Information provided

┌──

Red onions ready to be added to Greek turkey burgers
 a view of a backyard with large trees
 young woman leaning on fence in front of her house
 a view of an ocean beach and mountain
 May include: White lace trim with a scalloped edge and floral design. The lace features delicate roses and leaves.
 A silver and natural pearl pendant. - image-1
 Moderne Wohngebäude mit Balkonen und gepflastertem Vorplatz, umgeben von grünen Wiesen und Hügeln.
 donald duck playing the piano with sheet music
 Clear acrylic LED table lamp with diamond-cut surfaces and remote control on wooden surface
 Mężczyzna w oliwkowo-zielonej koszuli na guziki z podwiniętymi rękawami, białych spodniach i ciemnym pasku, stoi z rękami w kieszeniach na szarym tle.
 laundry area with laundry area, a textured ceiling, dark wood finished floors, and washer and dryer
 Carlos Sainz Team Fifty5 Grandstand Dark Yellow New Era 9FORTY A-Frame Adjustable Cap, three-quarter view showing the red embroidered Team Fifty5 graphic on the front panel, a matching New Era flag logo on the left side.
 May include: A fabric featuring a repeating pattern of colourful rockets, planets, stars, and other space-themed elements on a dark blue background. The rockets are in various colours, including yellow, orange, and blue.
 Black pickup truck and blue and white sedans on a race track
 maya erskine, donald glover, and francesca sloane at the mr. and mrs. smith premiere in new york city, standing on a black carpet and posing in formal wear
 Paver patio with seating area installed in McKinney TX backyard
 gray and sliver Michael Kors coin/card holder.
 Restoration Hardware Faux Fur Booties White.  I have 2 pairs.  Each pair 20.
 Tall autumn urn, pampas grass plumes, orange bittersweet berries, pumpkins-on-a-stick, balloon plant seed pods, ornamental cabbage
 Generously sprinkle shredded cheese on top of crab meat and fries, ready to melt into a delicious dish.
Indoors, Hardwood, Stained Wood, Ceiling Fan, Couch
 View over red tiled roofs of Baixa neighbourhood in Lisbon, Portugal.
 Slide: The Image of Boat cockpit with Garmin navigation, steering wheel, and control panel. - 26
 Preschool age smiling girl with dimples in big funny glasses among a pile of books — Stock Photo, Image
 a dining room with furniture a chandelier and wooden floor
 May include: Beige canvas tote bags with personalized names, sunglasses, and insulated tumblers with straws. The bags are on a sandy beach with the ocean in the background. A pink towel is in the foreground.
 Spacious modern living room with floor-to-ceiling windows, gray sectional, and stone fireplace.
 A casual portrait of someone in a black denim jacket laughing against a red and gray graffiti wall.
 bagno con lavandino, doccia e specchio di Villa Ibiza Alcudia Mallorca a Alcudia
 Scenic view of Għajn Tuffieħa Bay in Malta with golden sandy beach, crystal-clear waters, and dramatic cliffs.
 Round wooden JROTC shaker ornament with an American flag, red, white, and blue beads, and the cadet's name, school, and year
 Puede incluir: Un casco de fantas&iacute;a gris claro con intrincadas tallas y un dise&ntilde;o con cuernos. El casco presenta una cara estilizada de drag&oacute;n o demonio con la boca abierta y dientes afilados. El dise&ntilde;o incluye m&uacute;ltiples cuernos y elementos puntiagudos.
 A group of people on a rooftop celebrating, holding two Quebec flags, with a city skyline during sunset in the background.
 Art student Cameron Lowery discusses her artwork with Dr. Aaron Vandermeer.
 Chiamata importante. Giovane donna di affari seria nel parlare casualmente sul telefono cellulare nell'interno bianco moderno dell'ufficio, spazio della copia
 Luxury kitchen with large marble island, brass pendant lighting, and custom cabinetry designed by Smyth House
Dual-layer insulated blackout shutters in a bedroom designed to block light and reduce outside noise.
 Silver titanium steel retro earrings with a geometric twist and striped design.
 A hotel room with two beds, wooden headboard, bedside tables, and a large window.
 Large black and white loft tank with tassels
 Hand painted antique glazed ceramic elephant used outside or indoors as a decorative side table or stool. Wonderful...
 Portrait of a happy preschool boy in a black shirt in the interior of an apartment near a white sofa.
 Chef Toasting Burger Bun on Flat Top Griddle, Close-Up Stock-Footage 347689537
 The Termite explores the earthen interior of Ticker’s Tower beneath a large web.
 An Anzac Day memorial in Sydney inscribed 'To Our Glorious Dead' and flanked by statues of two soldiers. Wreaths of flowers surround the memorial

└──

Task brief
Reproduce the whole listing above exactly.

Task solution
Red onions ready to be added to Greek turkey burgers
 a view of a backyard with large trees
 young woman leaning on fence in front of her house
 a view of an ocean beach and mountain
 May include: White lace trim with a scalloped edge and floral design. The lace features delicate roses and leaves.
 A silver and natural pearl pendant. - image-1
 Moderne Wohngebäude mit Balkonen und gepflastertem Vorplatz, umgeben von grünen Wiesen und Hügeln.
 donald duck playing the piano with sheet music
 Clear acrylic LED table lamp with diamond-cut surfaces and remote control on wooden surface
 Mężczyzna w oliwkowo-zielonej koszuli na guziki z podwiniętymi rękawami, białych spodniach i ciemnym pasku, stoi z rękami w kieszeniach na szarym tle.
 laundry area with laundry area, a textured ceiling, dark wood finished floors, and washer and dryer
 Carlos Sainz Team Fifty5 Grandstand Dark Yellow New Era 9FORTY A-Frame Adjustable Cap, three-quarter view showing the red embroidered Team Fifty5 graphic on the front panel, a matching New Era flag logo on the left side.
 May include: A fabric featuring a repeating pattern of colourful rockets, planets, stars, and other space-themed elements on a dark blue background. The rockets are in various colours, including yellow, orange, and blue.
 Black pickup truck and blue and white sedans on a race track
 maya erskine, donald glover, and francesca sloane at the mr. and mrs. smith premiere in new york city, standing on a black carpet and posing in formal wear
 Paver patio with seating area installed in McKinney TX backyard
 gray and sliver Michael Kors coin/card holder.
 Restoration Hardware Faux Fur Booties White.  I have 2 pairs.  Each pair 20.
 Tall autumn urn, pampas grass plumes, orange bittersweet berries, pumpkins-on-a-stick, balloon plant seed pods, ornamental cabbage
 Generously sprinkle shredded cheese on top of crab meat and fries, ready to melt into a delicious dish.
Indoors, Hardwood, Stained Wood, Ceiling Fan, Couch
 View over red tiled roofs of Baixa neighbourhood in Lisbon, Portugal.
 Slide: The Image of Boat cockpit with Garmin navigation, steering wheel, and control panel. - 26
 Preschool age smiling girl with dimples in big funny glasses among a pile of books — Stock Photo, Image
 a dining room with furniture a chandelier and wooden floor
 May include: Beige canvas tote bags with personalized names, sunglasses, and insulated tumblers with straws. The bags are on a sandy beach with the ocean in the background. A pink towel is in the foreground.
 Spacious modern living room with floor-to-ceiling windows, gray sectional, and stone fireplace.
 A casual portrait of someone in a black denim jacket laughing against a red and gray graffiti wall.
 bagno con lavandino, doccia e specchio di Villa Ibiza Alcudia Mallorca a Alcudia
 Scenic view of Għajn Tuffieħa Bay in Malta with golden sandy beach, crystal-clear waters, and dramatic cliffs.
 Round wooden JROTC shaker ornament with an American flag, red, white, and blue beads, and the cadet's name, school, and year
 Puede incluir: Un casco de fantas&iacute;a gris claro con intrincadas tallas y un dise&ntilde;o con cuernos. El casco presenta una cara estilizada de drag&oacute;n o demonio con la boca abierta y dientes afilados. El dise&ntilde;o incluye m&uacute;ltiples cuernos y elementos puntiagudos.
 A group of people on a rooftop celebrating, holding two Quebec flags, with a city skyline during sunset in the background.
 Art student Cameron Lowery discusses her artwork with Dr. Aaron Vandermeer.
 Chiamata importante. Giovane donna di affari seria nel parlare casualmente sul telefono cellulare nell'interno bianco moderno dell'ufficio, spazio della copia
 Luxury kitchen with large marble island, brass pendant lighting, and custom cabinetry designed by Smyth House
Dual-layer insulated blackout shutters in a bedroom designed to block light and reduce outside noise.
 Silver titanium steel retro earrings with a geometric twist and striped design.
 A hotel room with two beds, wooden headboard, bedside tables, and a large window.
 Large black and white loft tank with tassels
 Hand painted antique glazed ceramic elephant used outside or indoors as a decorative side table or stool. Wonderful...
 Portrait of a happy preschool boy in a black shirt in the interior of an apartment near a white sofa.
 Chef Toasting Burger Bun on Flat Top Griddle, Close-Up Stock-Footage 347689537
 The Termite explores the earthen interior of Ticker’s Tower beneath a large web.
 An Anzac Day memorial in Sydney inscribed 'To Our Glorious Dead' and flanked by statues of two soldiers. Wreaths of flowers surround the memorial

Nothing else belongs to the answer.